The Poetry of Memory: A Reading and Writing Workshop

This workshop will explore the richness of poetry by focusing on the poetry of memoir. My delight in writing poetry is similar to that of Stephen Fry, who comments: “I have derived enormous private pleasure from writing poetry and like anyone with a passion, I am keen to share it.”
Unlike Fry, we will explore the tandem satisfactions of reading as well as writing poems. Frances Mayes calls attention to that dual emphasis: “Reading a fine poem makes me rediscover the freshness of creation. Writing a poem doubles, triples the experience that initiated it…. Poems give you the lives of others and then circle in on your own inner world.”

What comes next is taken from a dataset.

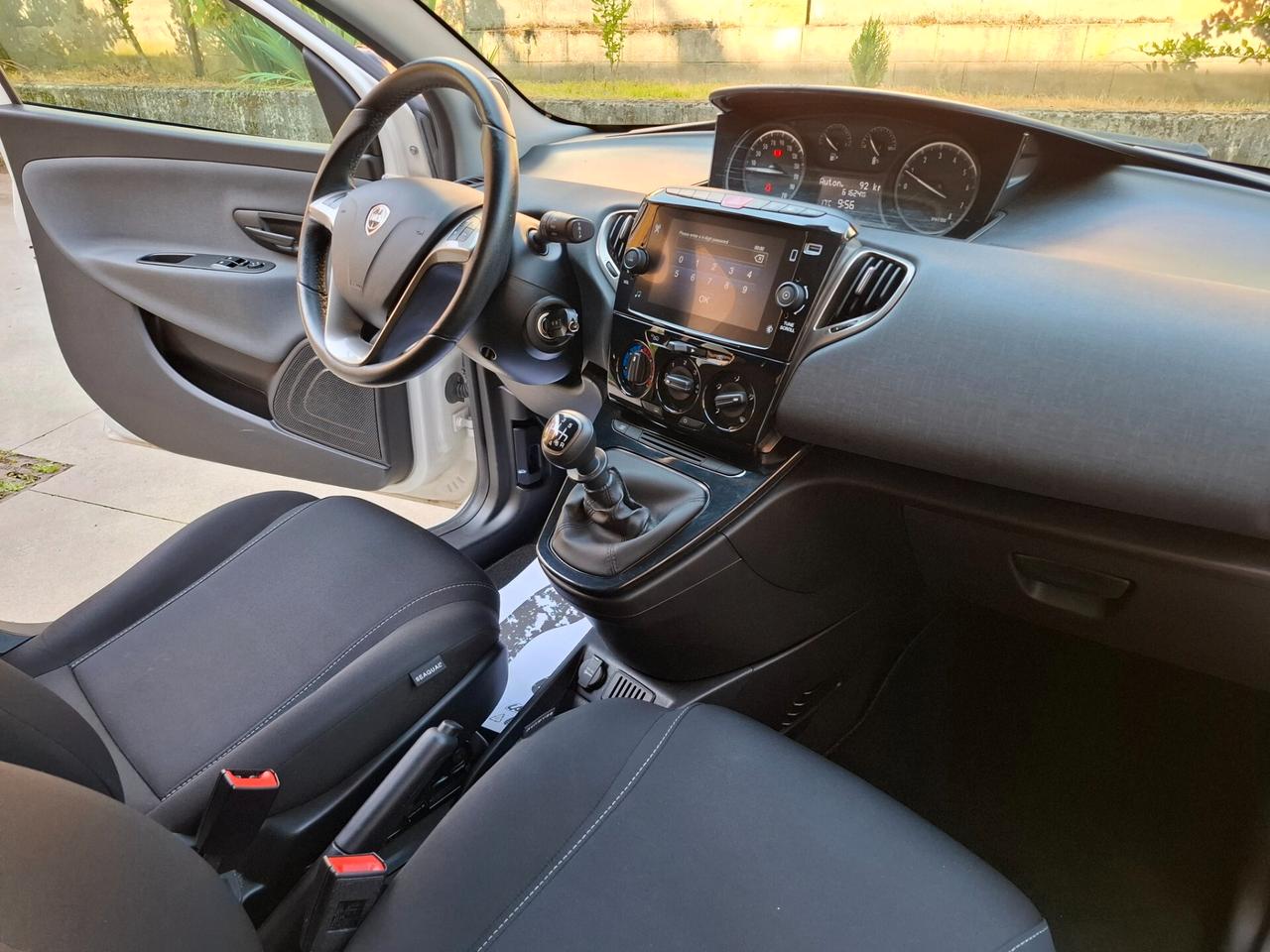 Lancia Ypsilon 1.0 FireFly 5 porte S&S Hybryd Gold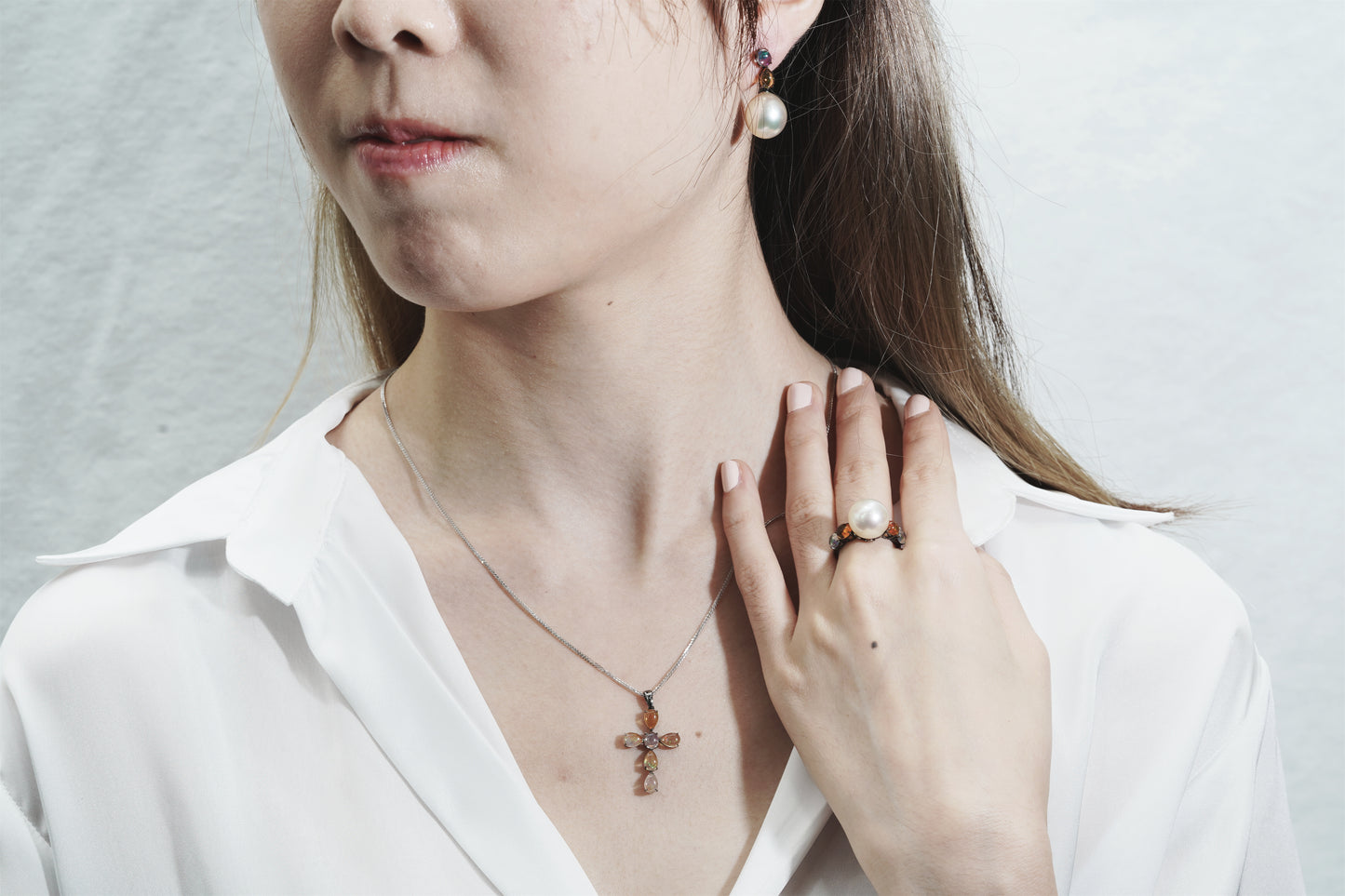 18K 白金澳寶吊墜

We will note the ways poets use various forms and techniques to shape and distill memories for an audience. Each meeting also will include a brief writing exercise, taking off from the substance, form, or technique of a model poem. Oral sharing will model ways to begin writing, and highlight strategies for drafting and revising poems.
Keeping the poetry of memory as its center, out-of-class exercises will include reading and writing, and, depending on the group’s preference, sharing of drafts online. Print and online resources for reading and writing poems, such as the books whose introductions are quoted above, will be available.

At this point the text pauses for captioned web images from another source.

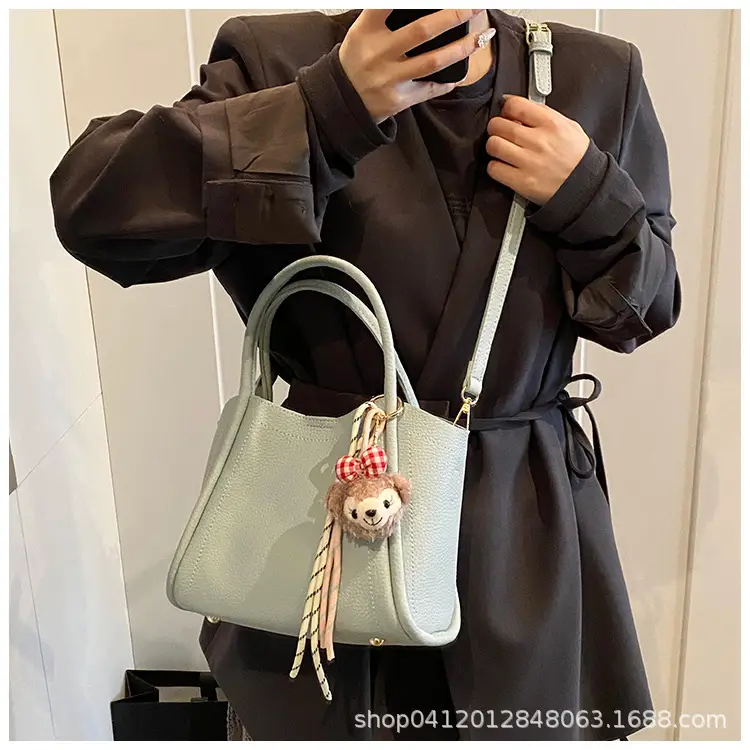 Black Vintage Shoulder Bag for Women Autumn Winter — feature 16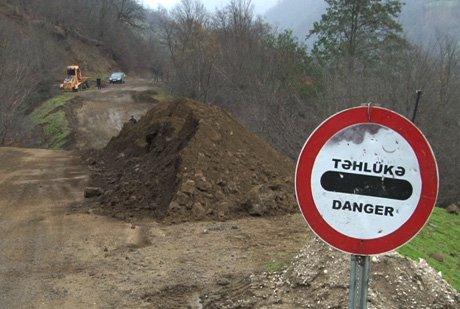 Masallı -Yardımlı yolu çökdü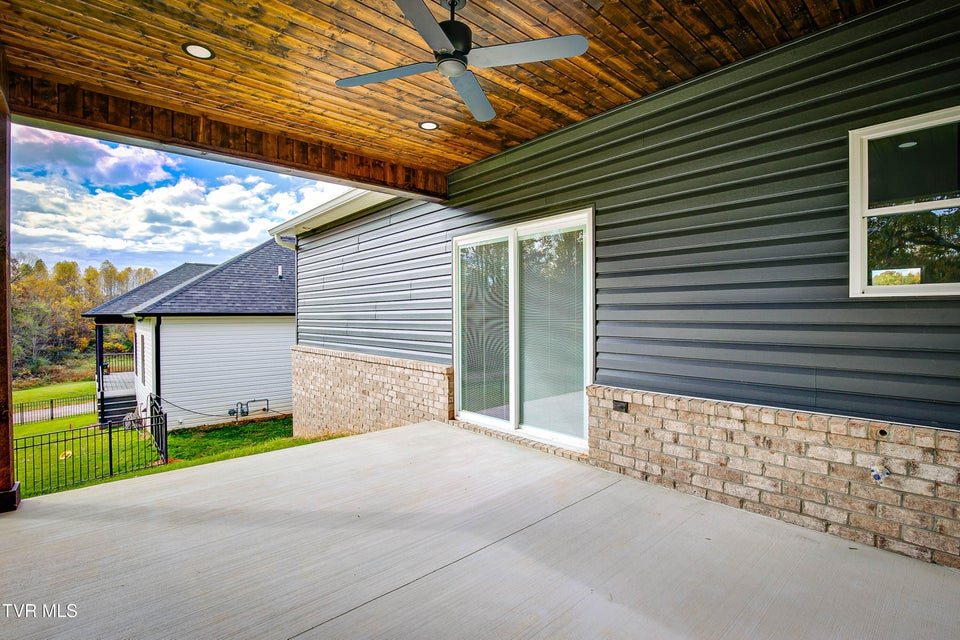 Photo #30: 298 Ruby Rose Ridge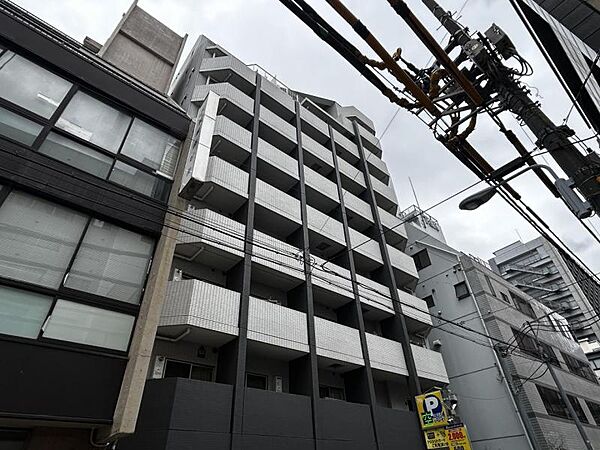 【外観】周囲と調和しつつも品の良さが際立つ外観。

Stephen Fry, a British novelist and actor, wrote The Ode Less Traveled: Unlocking the Poet Within. Frances Mayes, of Under the Tuscan Sun fame, also wrote The Discovery of Poetry: A Field Guide to Reading and Writing Poems.

Instructor: Sheila Murphy


Sheila Murphy
SHEILA MURPHY received an AB from Albertus Magnus College, an MA from Boston College, and an MALS from Wesleyan. She is a retired English teacher and a former co-director of the Connecticut Writing Project at University of Connecticut. She has led memoir writing and poetry workshops for her local library for Middlesex Institute for Lifelong Education (MILE) and for WILL. Her chapbook View from a Kayak in Autumn (2008) honors the memory of two grandchildren who died of spinal muscular atrophy. She edited Fair Warning: Leo Connellan and His Poetry (2011), a collection of essays about Connecticut’s second poet laureate.